### Work instruction
Here the job is to print only the lines from the one containing "Olive Barn Coat with Beige Corduroy Collar" to the end of the entries, both included, exactly as they stand, with pictures excluded.

### Dataset entries
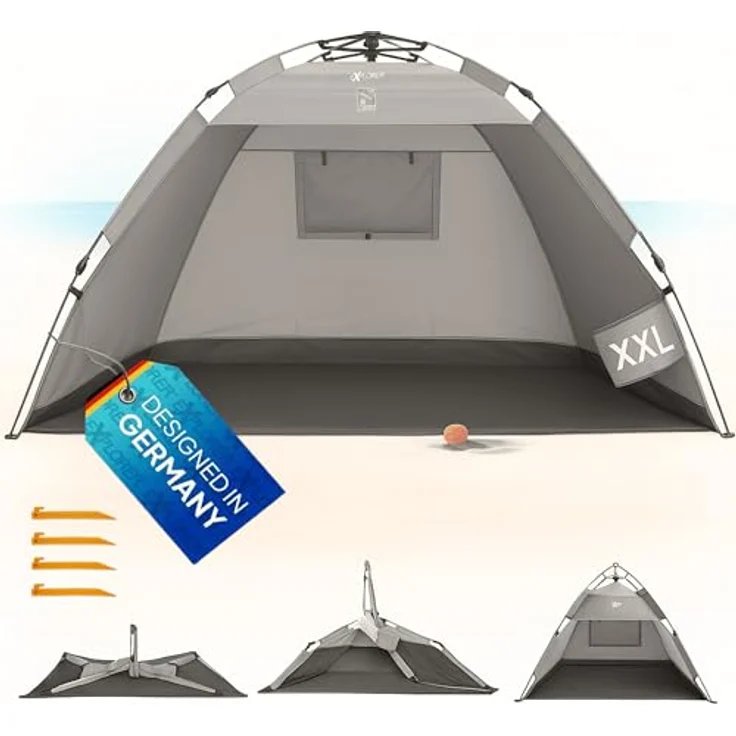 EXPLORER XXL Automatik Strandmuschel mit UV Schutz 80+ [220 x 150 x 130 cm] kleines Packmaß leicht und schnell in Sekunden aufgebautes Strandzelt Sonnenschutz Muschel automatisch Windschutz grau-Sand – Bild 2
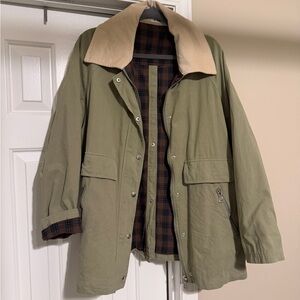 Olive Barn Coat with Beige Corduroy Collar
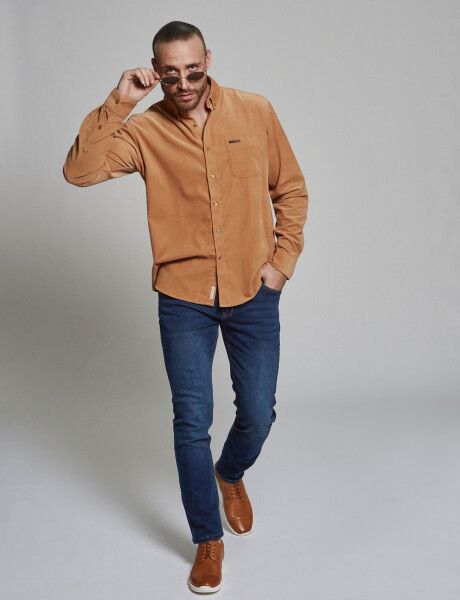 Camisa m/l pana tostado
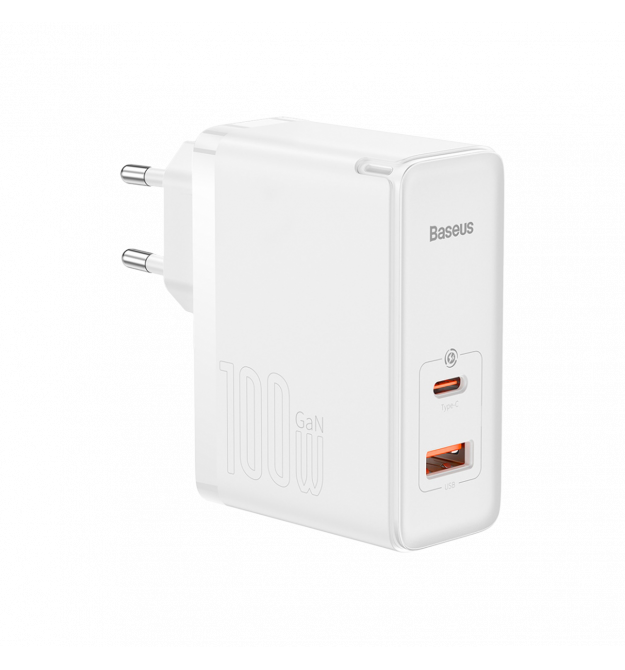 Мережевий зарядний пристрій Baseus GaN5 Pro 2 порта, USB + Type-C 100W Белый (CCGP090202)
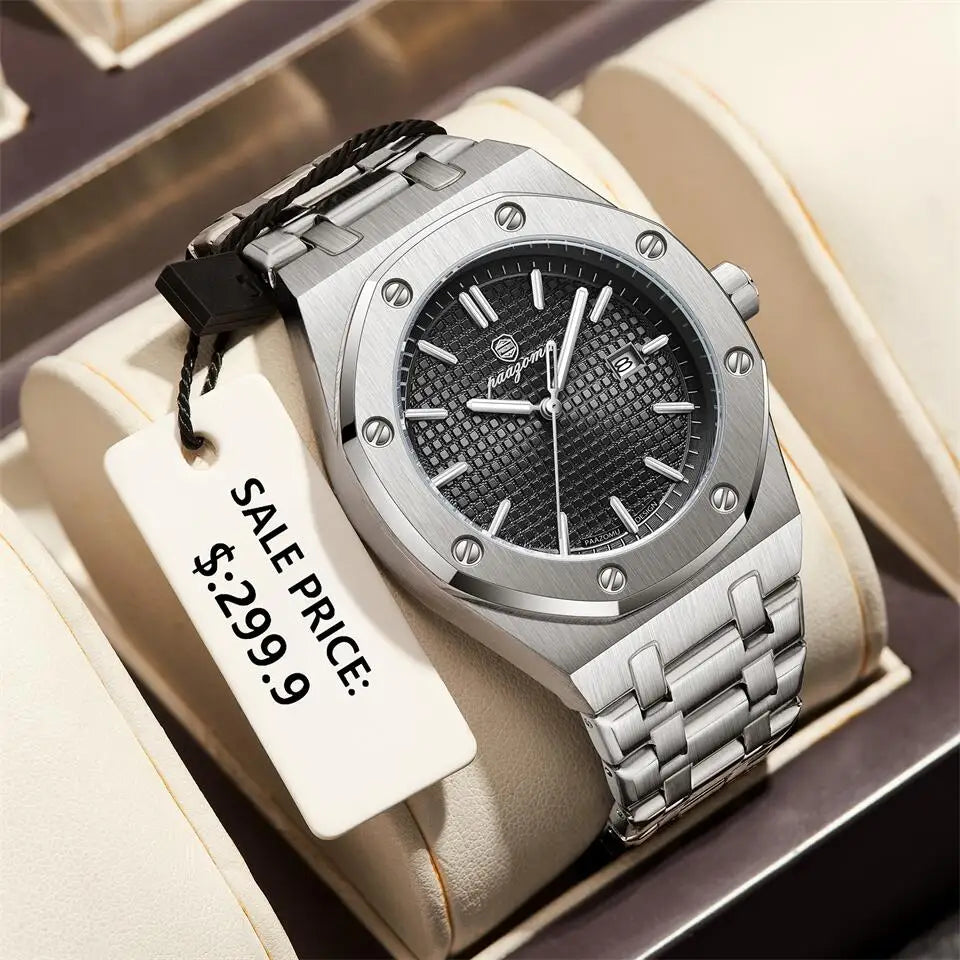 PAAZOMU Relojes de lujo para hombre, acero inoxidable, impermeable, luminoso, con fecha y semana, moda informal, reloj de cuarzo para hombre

### Result of this task
 Olive Barn Coat with Beige Corduroy Collar
 Camisa m/l pana tostado
 Мережевий зарядний пристрій Baseus GaN5 Pro 2 порта, USB + Type-C 100W Белый (CCGP090202)
 PAAZOMU Relojes de lujo para hombre, acero inoxidable, impermeable, luminoso, con fecha y semana, moda informal, reloj de cuarzo para hombre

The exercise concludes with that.